A reflexive verb (in French, un verbe pronominal — a pronominal verb) describes an action that the subject does to itself. Think of a mirror: the person doing the action and the person receiving it are the same person.
Compare these two sentences:
- Je lave la voiture. (I wash the car.) — ordinary verb, the action goes outward to the car.
- Je me lave. (I wash myself / I get washed.) — reflexive verb, the action comes back to me.
That little extra word me ('myself') is what makes the second sentence reflexive. Every reflexive verb has one of these.
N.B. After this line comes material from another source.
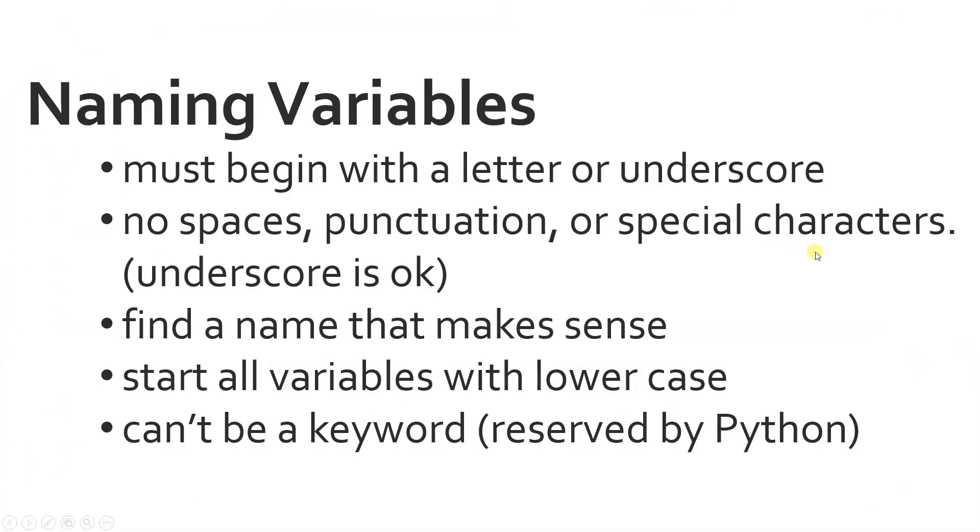Alright, so the next topic is naming the variable. So the variable must start with a letter or underscore. There's no other option, no numbers, no special characters. And within the name, you cannot have spaces, no punctuation, no special characters. Underscore is okay, though. Underscore is the only thing you can have within your variable name.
How to spot a reflexive verb in the dictionary. The infinitive always begins with se (or s' before a vowel). The se means 'oneself':
| Reflexive infinitive | Literal meaning | Natural English |
|---|---|---|
| se laver | to wash oneself | to get washed |
| se lever | to raise oneself | to get up |
| s'appeler | to call oneself | to be called / one's name is |
| se reposer | to rest oneself | to rest / relax |
| s'amuser | to amuse oneself | to have fun |
A friendly warning about English. English usually hides the 'self' idea. We say "I get up", not "I get myself up"; we say "my name is Marc", not "I call myself Marc". But French keeps the reflexive pronoun every single time. So you must add it even when English would not — this is the number-one beginner trap.
Worked mini-example. "I get dressed" feels like it has no 'self' word in English. In French the verb is s'habiller (to dress oneself), so you must say *je **m'*habille — never je habille. The m' is compulsory.
- A reflexive verb has the subject act on itself: je me lave (I wash myself).
- The infinitive always starts with se (or s' before a vowel): se laver, s'amuser.
- The se means 'oneself' and changes to match the subject (me, te, se…).
- English often hides the 'self' word — French always keeps it.